As far as the acting goes, however, this film truly belongs to Eva Green. As Artemisia, Green allows no one to look more intimidating, whenever she is on the screen. While just as skilled as Themistocles, Artemisia has the kind of conviction that an actress really has to sink her teeth into, in order to properly bring out the crazy glee that it allows for and Green is very much up to that task. It is a performance that is practically worth the price of admission, but the film still has so much to offer visually.

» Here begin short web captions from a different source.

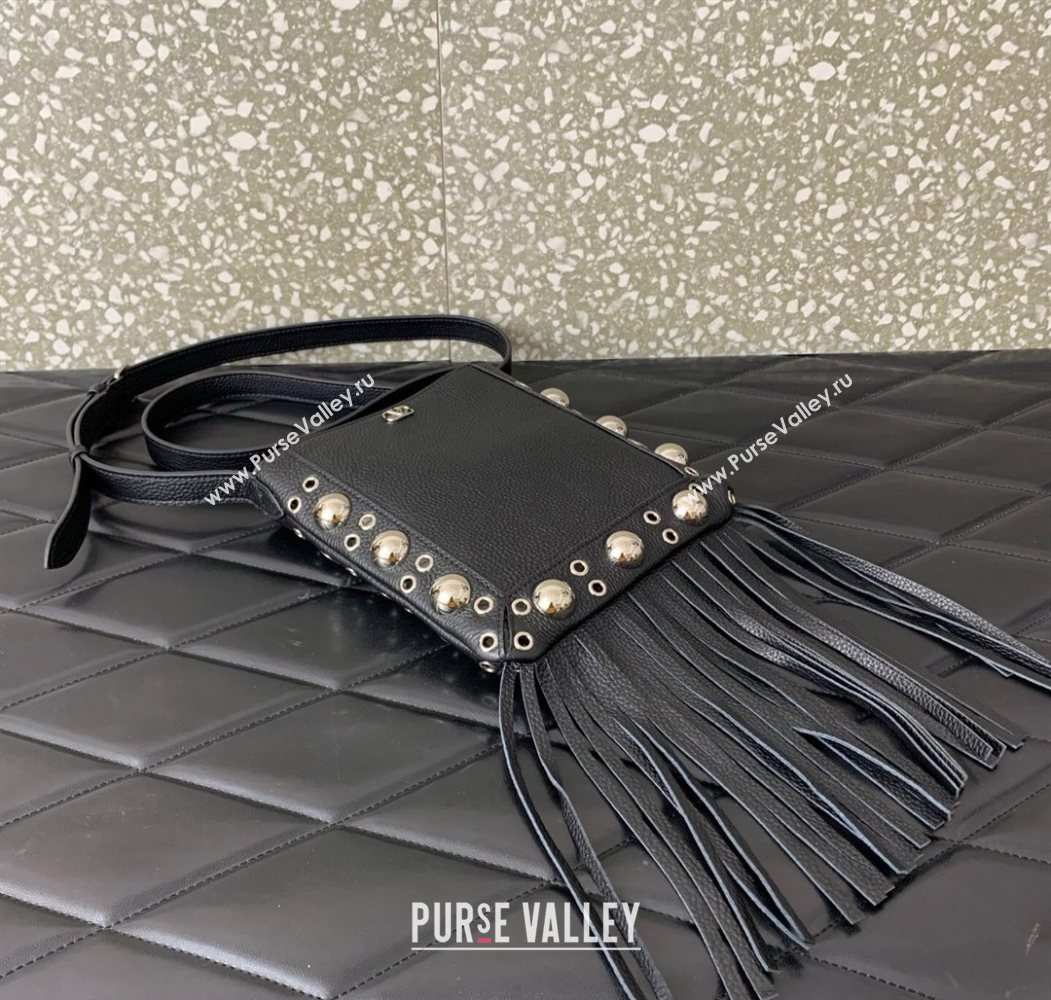 Valentino Nellcôte Small Shoulder Bag in Grainy Calfskin with Fringes Tassel and Ball Studs Black 2025 2034 (LKF-250626048)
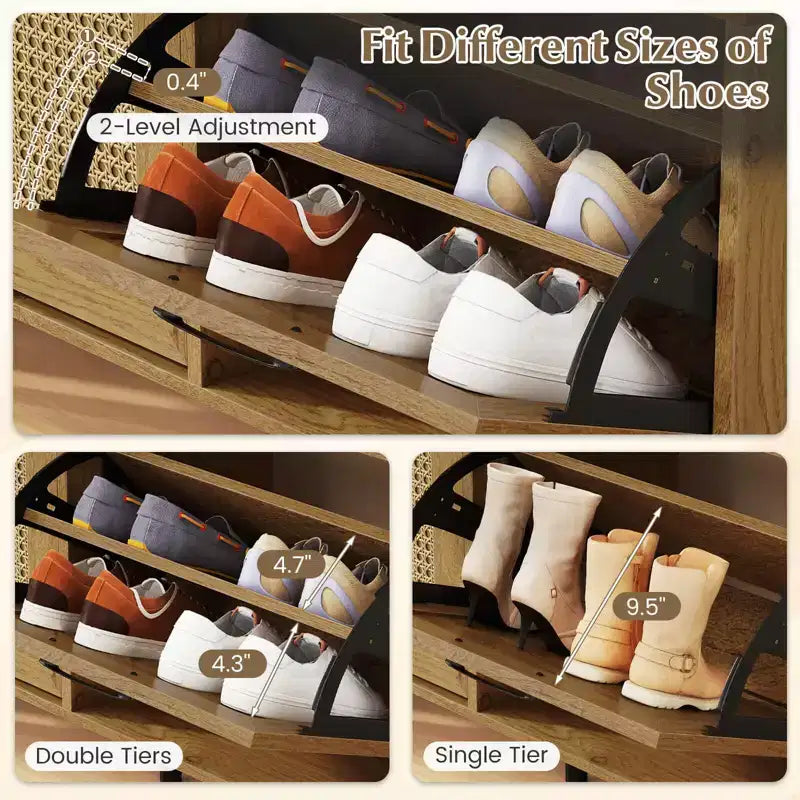 Rattan Shoe Storage Cabinet with 2 Flip Drawers, Adjustable Shelves & Solid Metal Legs, Natural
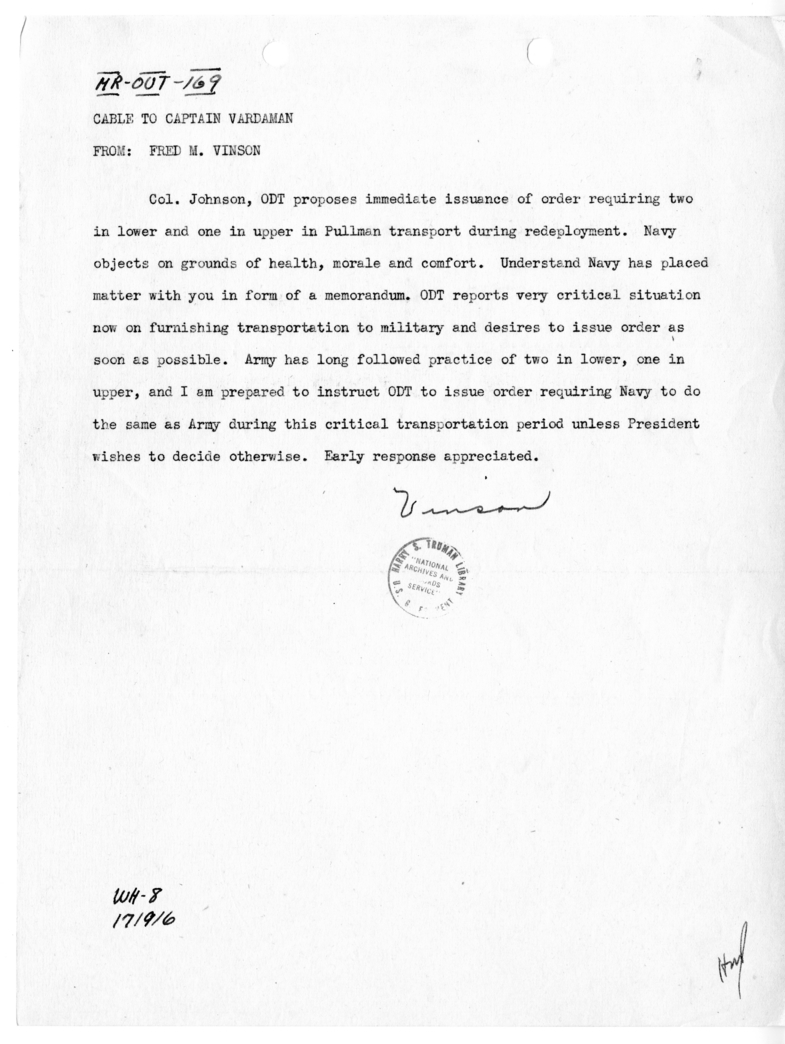 Cable from Fred M. Vinson to Captain James Vardaman [MR-OUT-169]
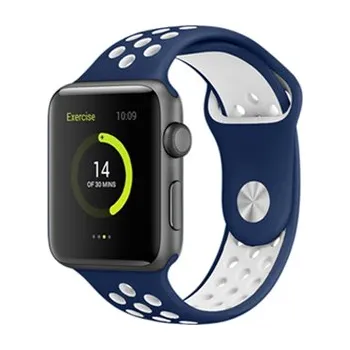 Chytré hodinky Perforovaný řemínek pro Apple Watch 38/40/41/42(S10)mm,Tmavěmodro-Bílý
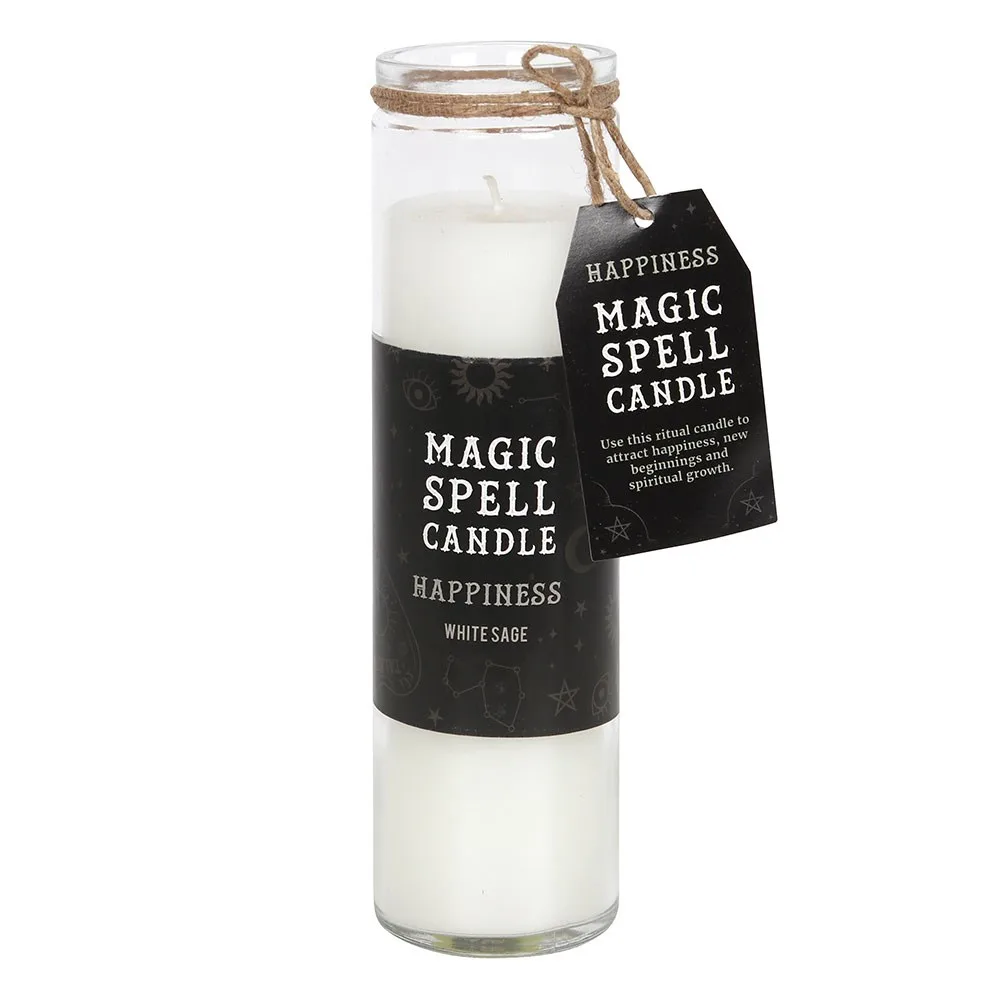 Happiness White Sage Magic Spell Tube Candle - Image 2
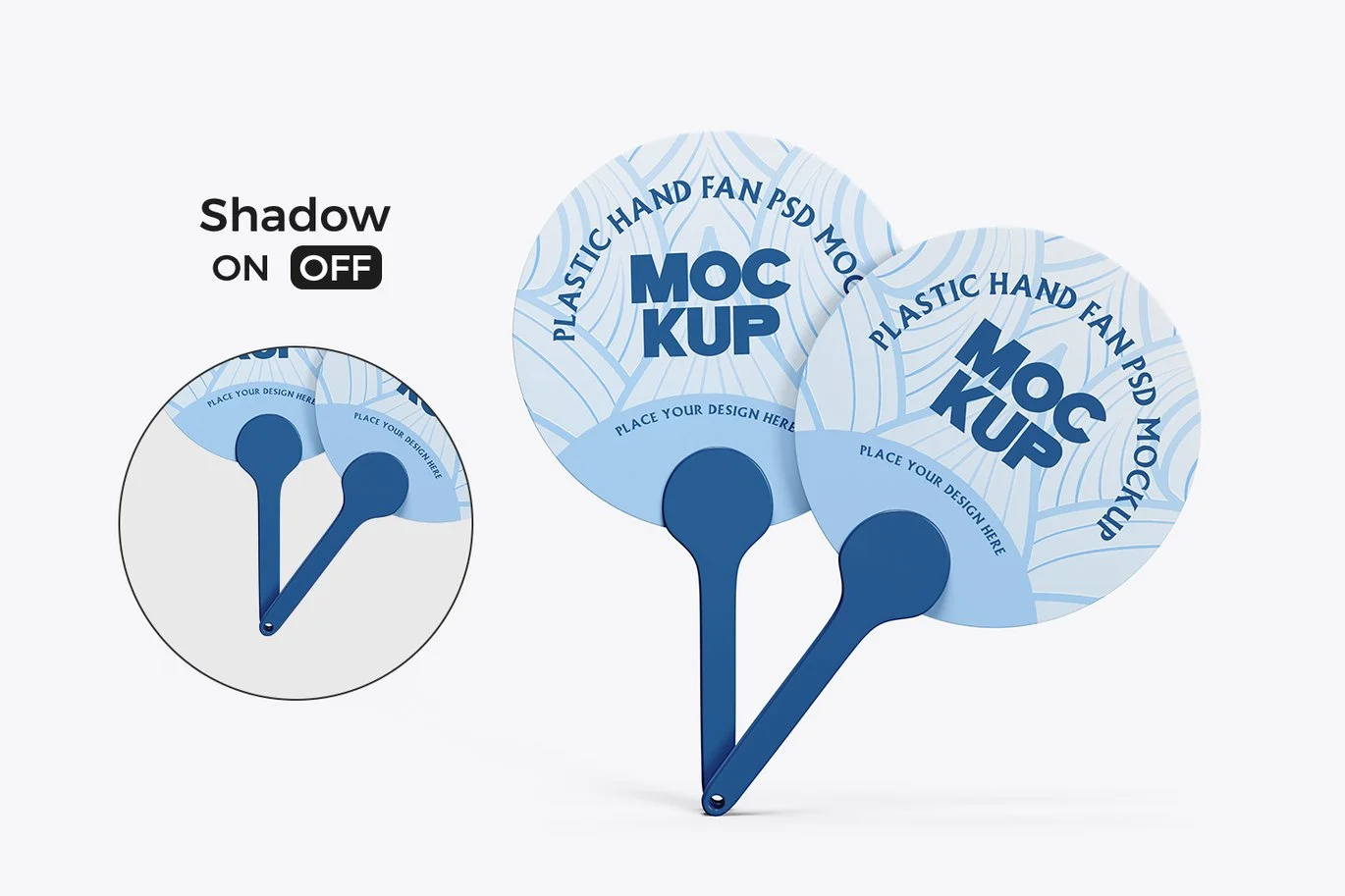 塑料手扇产品设计样机 Plastic Hand Fan Mockup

I really should emphasize how much of a feast for the eyes this film really is. Getting away from what I appreciated about the narrative and some of these characters, 300: Rise of an Empire gets a lot of mileage out of the world it exists in. The sets and costumes are gorgeous. The blending of CG and practical effects makes for some impressive battle sequences. A number of long takes allow the film to really cash in on the gorgeously graphic bloodshed fit for a film rooted in visualizations taken from a comic book. The use of 3D actually adds to the experience, given how immersive the film becomes, while the viewer is basically on the verge of choking, given the constant embers and ash seen floating all around. All of this is aided further by the thumping score by Junkie XL.
300: Rise of an Empire makes good on what it promises and adds even more for those who think they may have seen everything the 300 world could offer, and I am not just talking about the hilariously aggressive sex scene, featuring Eva Green’s intensely eccentric character. The film may screw around with the true historic events that took place, in favor of providing R-rated comic book entertainment, but attempts are still made to create a narrative with more going on than its predecessor. The action overcomes the weight of delivering more of what people have already scene in between this film and the original, with its naval combat additions; the Production design is excellent; and the splashy visual aesthetic continues to please. An attempt at finding glory in this idea for a sequel was made and I was happy to view it.
Themistocles: Better we show them, we chose to die on our feet, rather than live on our knees!